It has to do with the ability to efficiently store the energy produced during the power stroke and release it during the next three strokes. Power can be wasted when you are speeding up the crankshaft and everything connected to it and then slowing it back down over the next three strokes. Too much velocity change on a per revolution basis wastes power. Jim
Good point for me to cogitate on over the Christmas season. If one believes classic physics, energy can neither be created nor destroyed - I think it is something like the first law of Thermodynamics and then there's that pesky little thing about entropy. Won't bore anyone here but the nickle tour of Thermodynaics is what gozintoo must equal what gozoutta (simple math).
So when you speak of efficiency, that apparent loss of power must be accounted for. Some thoughts are:
Energy going into useless additional vibration?
Heat?
Additional Noise (a form of vibration)?
I can see my way through understanding where a lighter crankshaft will result in greater load reversals (strain reversals, maybe better stated as strain cycling) on all things including drive train components. In the elastic range, all components are springs with some inefficiency where some portion of the force transfer is lost to heat.
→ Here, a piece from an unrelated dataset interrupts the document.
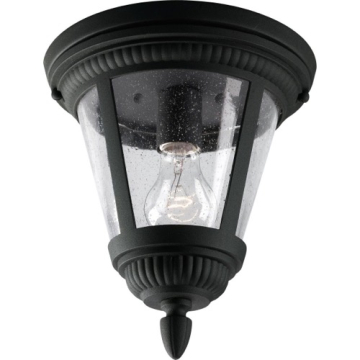 Progress Lighting Westport 1-Light Flush Mount - 120V - Textured Black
So maybe, just maybe, the load leveling effect of a heavier crank reduces the magnitude of the strain cycles on components. If this is the lions share of the loss then it will show up as heat; that is increased heat of everything seeing the load cycles.
Jim,
Any net peak power difference numbers you care to share with us; from records or recollection? How about low and mid range power differences?
It would also be neat to measure (before and after - heavyweight versus lightweight) crankshaft velocities (by crankshaft degree).